思路:將'('轉爲1,將')'轉爲-1,然後對字符串遍歷一遍,設置sum = 0,進行累加,對於符合題目要求的字符串,應該滿足:① 除去最後那個字符,在遍歷過程中,sum應該始終>=0 ② 遍歷完成後,sum應該剛好=0
基於這種要求,填充'?’時可以採取貪心策略,開始儘可能使sum大,這樣sum纔會始終保持在0之上。這樣的話,開始時,儘可能使'?'匹配爲'(',這樣sum會加1.
總結:這種方法很巧妙,對於括號匹配問題,該方法具有一般性:將'('轉爲1,將')'轉爲-1,初始sum=0,遍歷字符串,累加到sum中
① 當sum < 0 =》該字符串不可能會完全匹配
② 當sum > 0 =》該字符串有可能會完全匹配(添加')')
③ 當sum = 0 =》 截止到sum=0時的下標時,字符串剛好完全匹配
代碼:
#pragma comment(linker, "/STACK:1024000000,1024000000")
#include <map>
#include <set>
#include <stack>
#include <cmath>
#include <queue>
#include <vector>
#include <cstdio>
#include <string>
#include <cstring>
#include <sstream>
#include <iostream>
#include <algorithm>
#define Fin freopen("in.txt","r",stdin)
#define Fout freopen("out.txt","w",stdout)
#define Case(T) int T;for(scanf("%d",&T);T--;)
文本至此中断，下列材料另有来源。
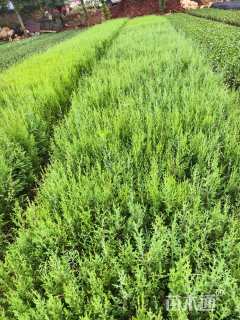 高度30厘米西藏柏木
#define fo(i,a,b) for(int i = a; i < b; ++i)
#define fd(i,a,b) for(int i = a; i >= b; --i)
#define me(a,b) memset(a,b,sizeof(a))
#define fi(a,n,val) fill(a,a+n,val)
#define Scand(n) scanf("%d",&n)
#define Scand2(a,b) scanf("%d%d",&a,&b)
#define Scand3(a,b,c) scanf("%d%d%d",&a,&b,&c)
#define Scand4(a,b,c,d) scanf("%d%d%d%d",&a,&b,&c,&d)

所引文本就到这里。